3 min Devops

Google simplifies the coding of Android apps with Jetpack Compose

Google simplifies the coding of Android apps with Jetpack Compose

Google has released an alpha version of its Jetpack Compose tool. The tool allows developers to speed up the encoding process of the user interface of Android apps.

The tool Jetpack Compose of the tech giant made its debut last October as a preview but is now available as an alpha version. The tool helps developers of Android applications to better streamline the development process of the user interface.

This allows them to save time in the development process, as the development of the user interface (UI) often requires a lot of custom code. Especially because the various UI elements had to be written with XML. This often makes the development of Android applications complex because the basic properties of this type of application were often written in other code languages. To overcome this complexity, a lot of so-called ‘boilerplate’ code (repetitive code) was needed.

Jetpack Compose limits the amount of boilerplate code needed. The tool makes the use of XML redundant because the UI and the basic functionality are written in one code language. For this common code language, Google has selected Android Kotlin.

Less code for changes

Because of the Jetpack Compose tool, less code is needed to handle changes to the interface when developing the UI. For example, when a customer removes an item from the shopping cart. When this occurs, the interface has to refresh to show that change.

By using Jetpack Compose in the building process of the application, this is no longer the case. Interface elements written with this tool can apply these updates much faster than XML-based elements.


Updates of Jetpack Compose

Jetpack Compose also received several improvements in the alpha-release. For example, it is now possible to build interface elements created with the tool into an existing Android application based on XML. This makes it possible for Google to adapt most of the applications present in the Play Store more efficiently, and these applications will also use Jetpack Compose in the near future.

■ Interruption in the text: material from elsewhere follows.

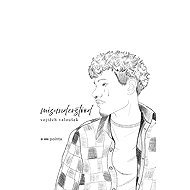 Misunderstood - Vojtěch Valousek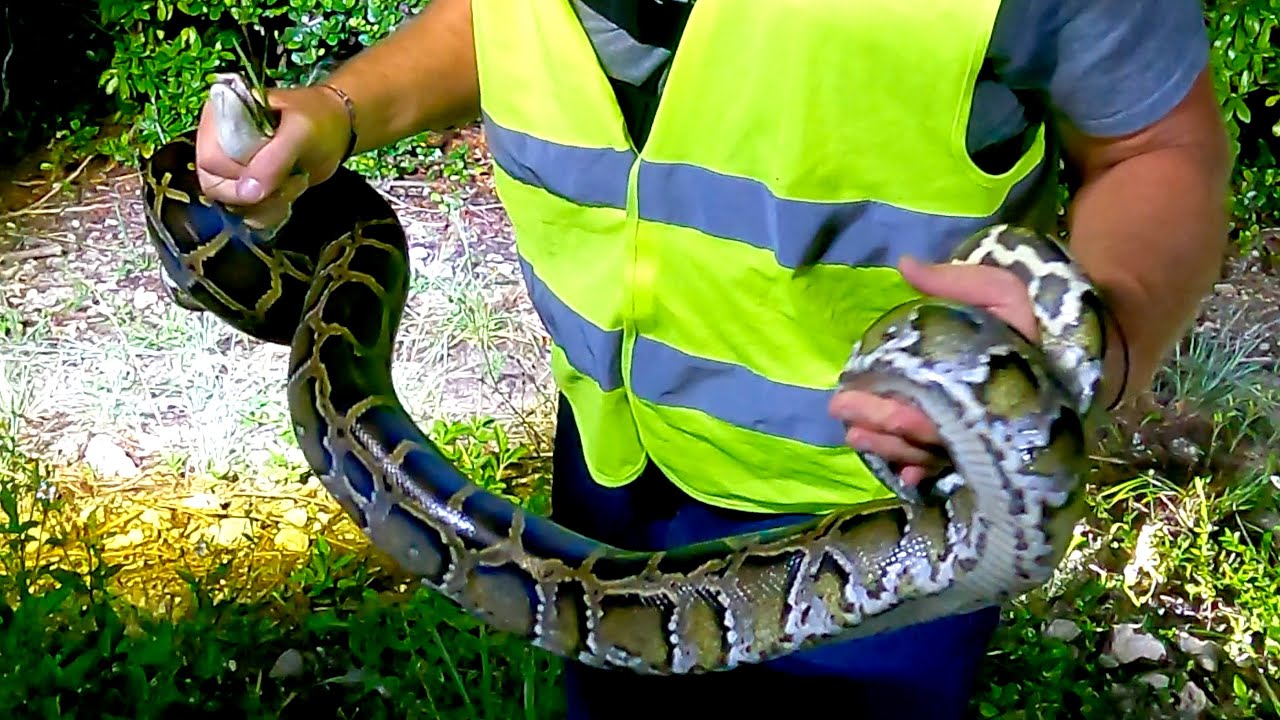 Hunting Burmese Pythons - YouTube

Additionally, the tool is now more deeply integrated into the desktop toolkit Android Studio for building Android applications. Programmers can now write the code for an interface element in the Android Studio editor and immediately view an interactive preview of the element in another tab. This preview automatically refreshes when the underlying code changes.

Faster to the market

With the alpha-release of Jetpack Composer, Google wants to make it easier to modify existing Android applications. The easier and faster developers can build and modify applications, the faster they will be released to the market.